§ SUPPLIED DATA:
■ ■ ■
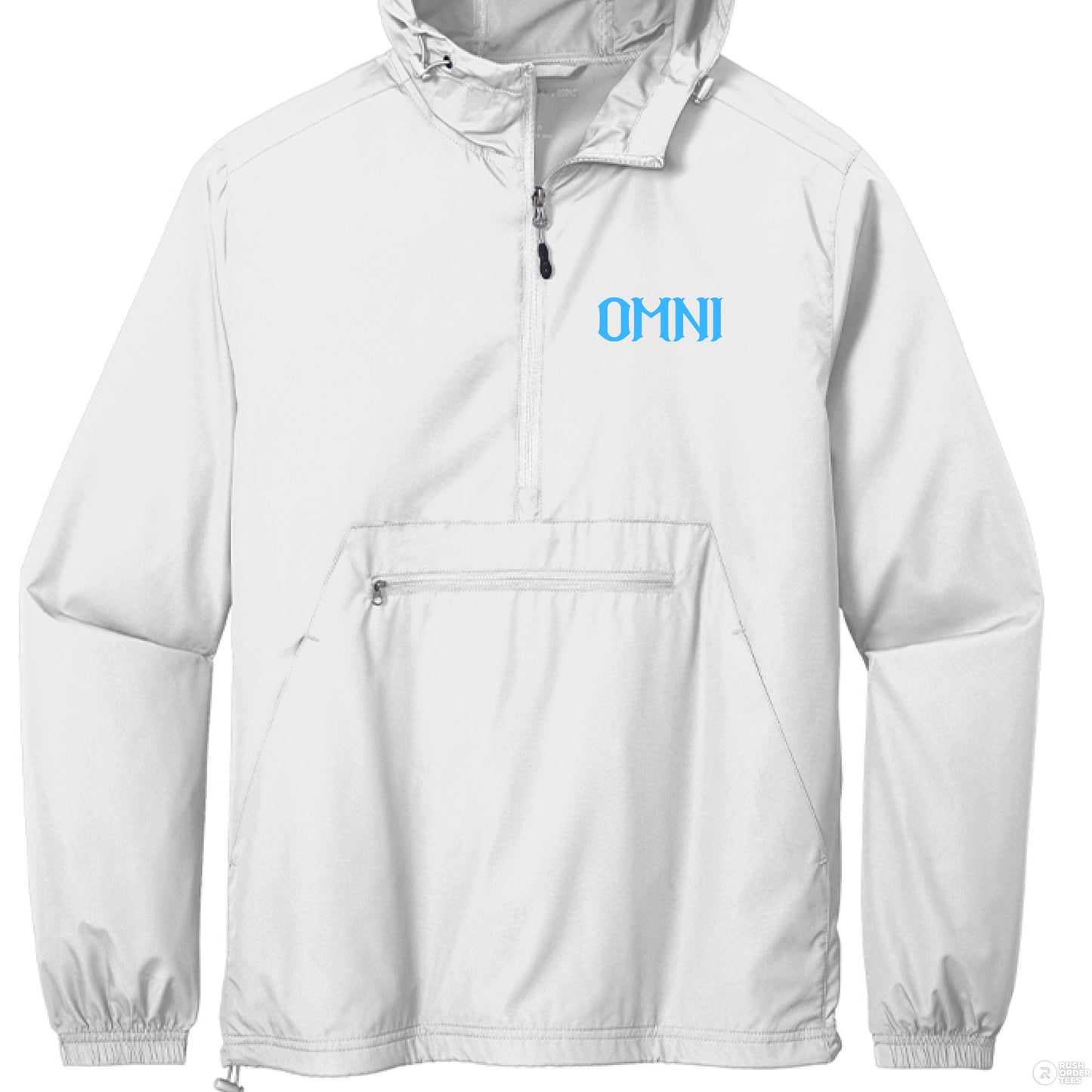 White - FRONT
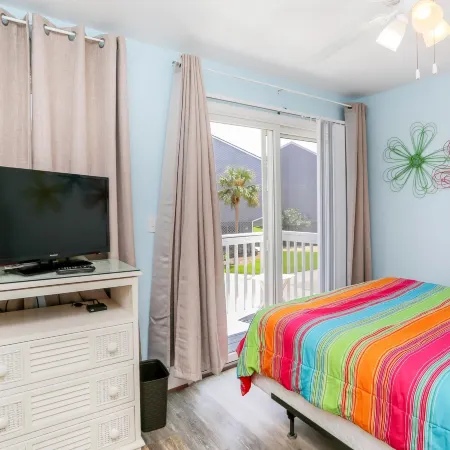 Barrier Dunes 273 - 86 Seahorse by Pristine Properties Vacation Rentals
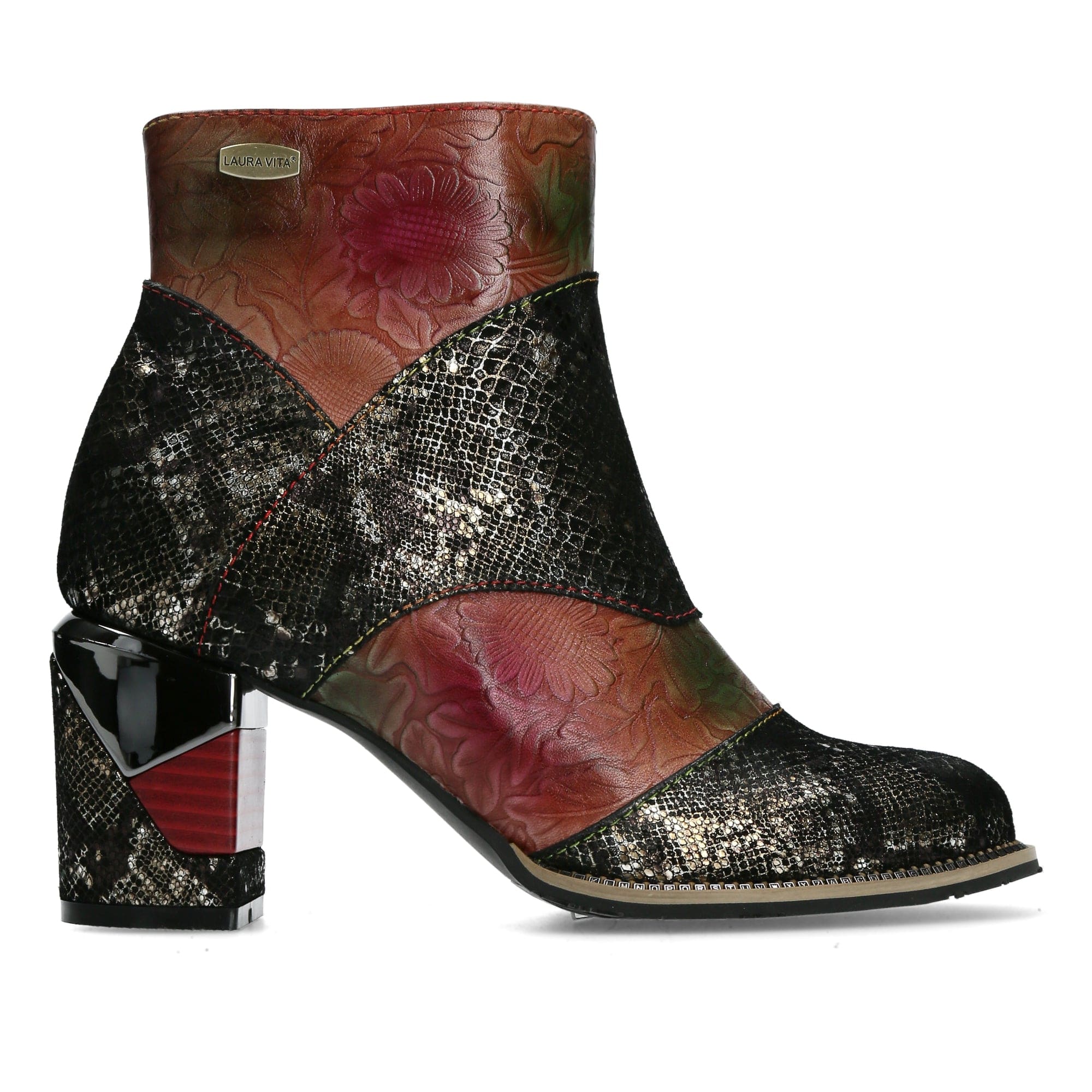 Bottines - MAEVAO 01 - Image 8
■ ■ ■
§ AIM OF THE TASK: What you give back must match the material above exactly, minus its pictures.

§ REPLY TO THE EXERCISE:
 White - FRONT
 Barrier Dunes 273 - 86 Seahorse by Pristine Properties Vacation Rentals
 Bottines - MAEVAO 01 - Image 8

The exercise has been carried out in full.